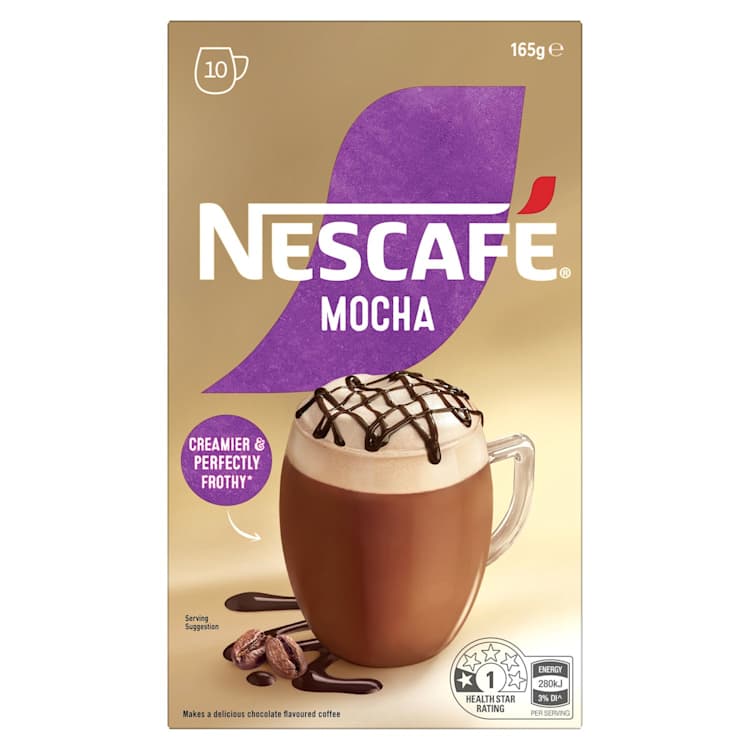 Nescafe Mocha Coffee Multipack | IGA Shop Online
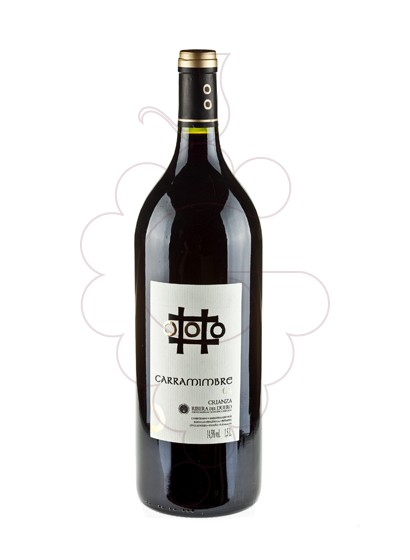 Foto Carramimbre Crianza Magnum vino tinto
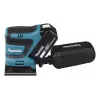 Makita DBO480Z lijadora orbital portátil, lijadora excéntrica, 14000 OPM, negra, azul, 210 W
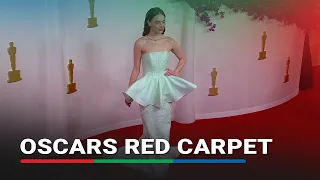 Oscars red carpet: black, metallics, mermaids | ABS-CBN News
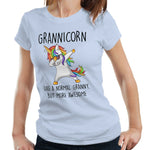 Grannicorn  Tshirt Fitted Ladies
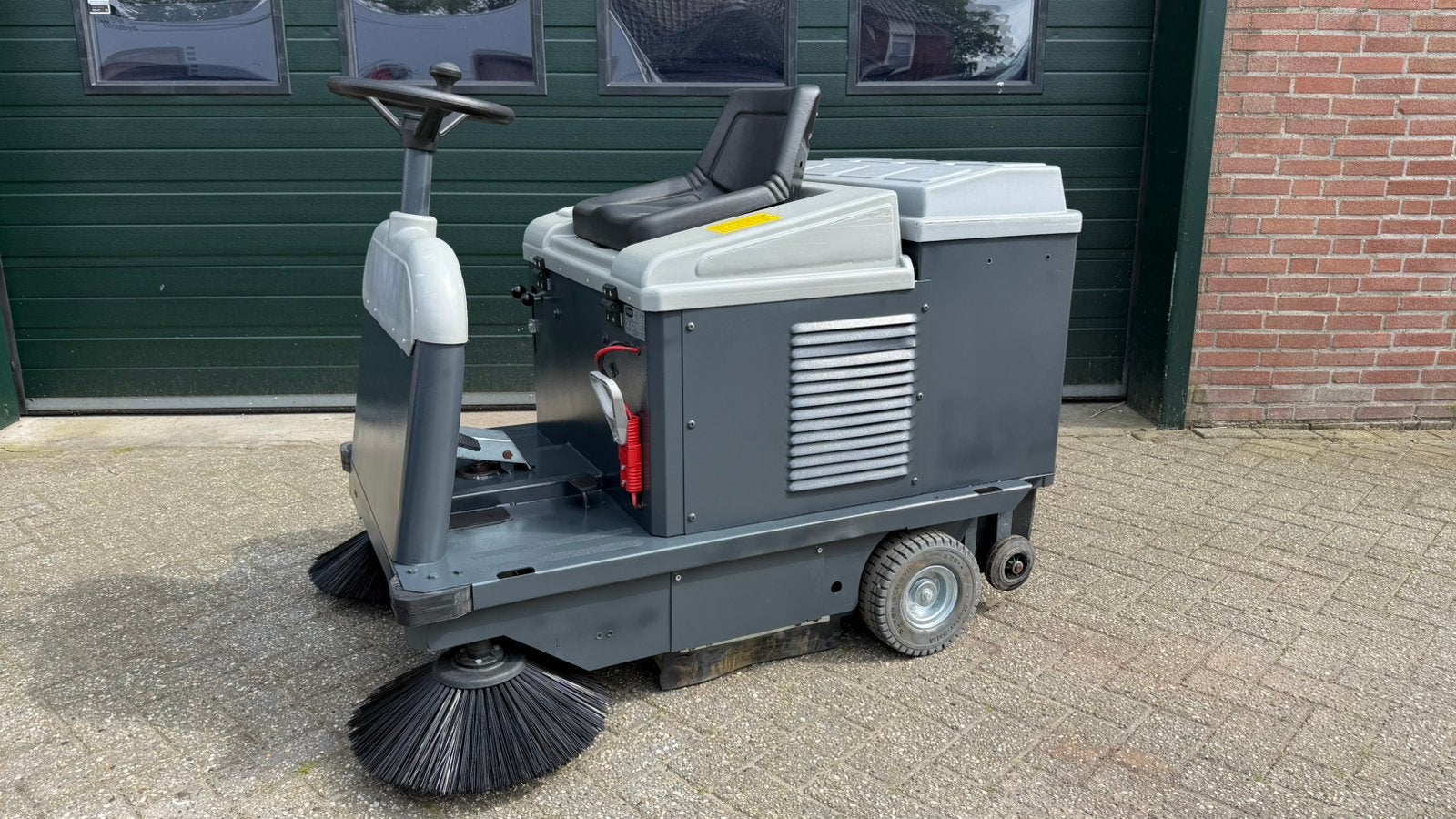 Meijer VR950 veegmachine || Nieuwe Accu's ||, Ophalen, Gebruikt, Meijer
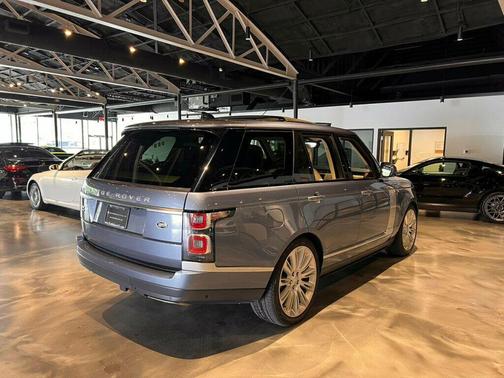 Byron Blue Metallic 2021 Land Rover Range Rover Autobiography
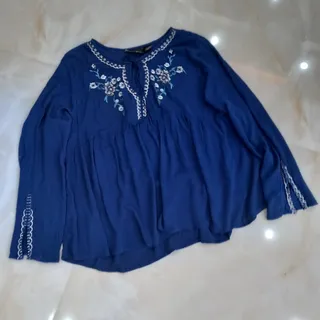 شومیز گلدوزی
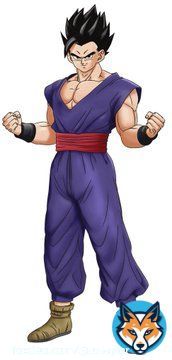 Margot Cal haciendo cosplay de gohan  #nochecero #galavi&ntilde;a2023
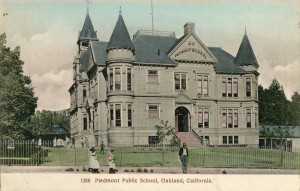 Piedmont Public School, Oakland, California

....................

| Work instruction |
Using the records above, retype everything exactly except the pictures.

| Output below |
 Nescafe Mocha Coffee Multipack | IGA Shop Online
 Foto Carramimbre Crianza Magnum vino tinto
 Makita DBO480Z lijadora orbital portátil, lijadora excéntrica, 14000 OPM, negra, azul, 210 W
 Oscars red carpet: black, metallics, mermaids | ABS-CBN News
 Grannicorn  Tshirt Fitted Ladies
 Meijer VR950 veegmachine || Nieuwe Accu's ||, Ophalen, Gebruikt, Meijer
 Byron Blue Metallic 2021 Land Rover Range Rover Autobiography
 شومیز گلدوزی
 Margot Cal haciendo cosplay de gohan  #nochecero #galavi&ntilde;a2023
 Piedmont Public School, Oakland, California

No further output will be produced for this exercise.